We also maintain a list of Known Product Issues separate from this site here.

[Critical] Issues with Multiple Box Services
Incident Report for Box
Postmortem

We recently addressed issues affecting Public API, Downloads, Uploads and Sign. We would like to take the opportunity to further explain these issues and the steps we have taken to keep them from happening in the future.

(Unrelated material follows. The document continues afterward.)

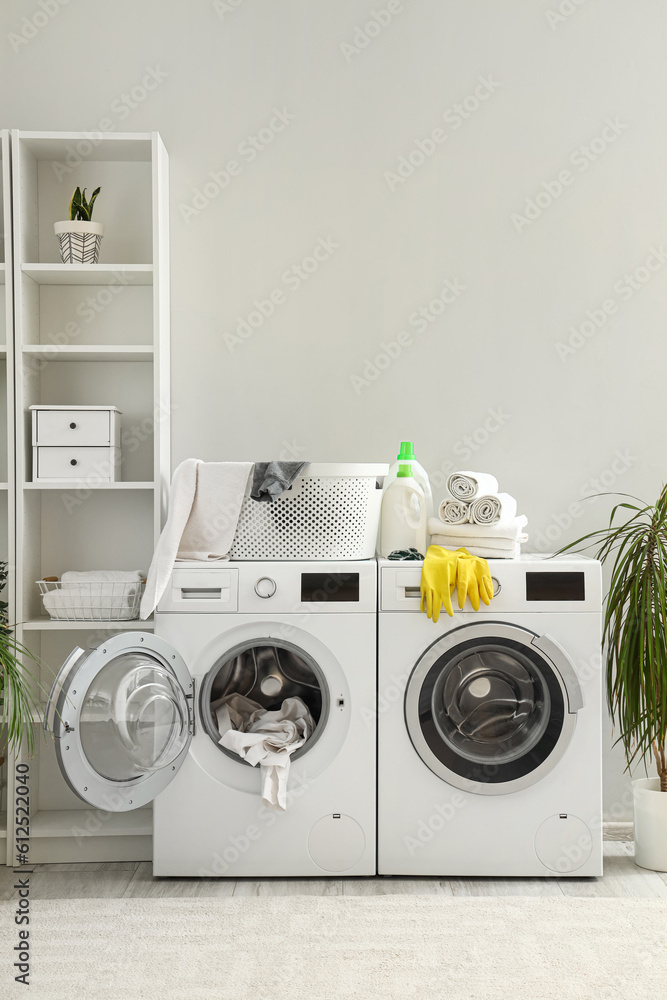 Interior of laundry room with washing machines and cleaning supplies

On July 26, 2023 between 5:30 and 6:20 PM PDT, some users may have experienced difficulties while working in Box. During this time, users may have degraded experience or difficulty accessing Public API, Downloads, Uploads and Sign. The issue occurred due to an outage of an internal secrets management system that failed after a rare spike in requests from other systems. We were able to resolve the issue by restarting the front ends of the secrets management system to shed connections. In addition, we scaled up the capacity for the secrets management system as well as modified internal clients to reduce the magnitude of future spikes to prevent similar issues from occurring in the future.

Analysis

The internal secrets management system’s file descriptor and connection limits had been increased two months before this issue occurred. The increases were intended to improve system performance during anomalous conditions, but the system’s TCP ephemeral port range remained too small. A request spike consumed the available ephemeral ports on the hosts, resulting in the system becoming unavailable.

Corrective Actions

The following corrective actions have been completed or are planned:

  • Tuned the system’s limits to prevent the port exhaustion condition from reoccurring
  • Improvements made to reduce the recurrence of high magnitude request spikes
  • The connection limiting front end is being replaced with an improved load balancer

We are continuously working to improve Box and want to make sure we are delivering the best product and user experience we can. We hope we have provided some clarity here and we would be happy to answer any questions you may still have regarding this matter. 

Sincerely,

The Box Team

Posted Aug 01, 2023 - 09:03 PDT

Resolved
After further monitoring, this incident is now considered resolved. Box services have been restored to full functionality. Please contact Box Support at https://support.box.com/ if you continue to experience any issues.
Posted Jul 26, 2023 - 19:07 PDT
Monitoring
A fix has been implemented and we are currently monitoring the results.
Posted Jul 26, 2023 - 18:43 PDT
Update
We are continuing to investigate this issue. We are seeing some recovery across some of the services. Some Box services are still experiencing some latency.
Posted Jul 26, 2023 - 18:14 PDT
Investigating
We are investigating an ongoing issue affecting Login (Web/SSO), All Files Page, Uploads, Downloads, Content API, Box Notes, and Box Sign. Users may see errors or slowness with the affected services. We will provide more information as soon as it is available.
Posted Jul 26, 2023 - 17:49 PDT
This incident affected: Box Platform / API (Content API), Box Web Application (Login/SSO, Uploads/Downloads, Box Sign), Box Notes (Web Application), and Box Website.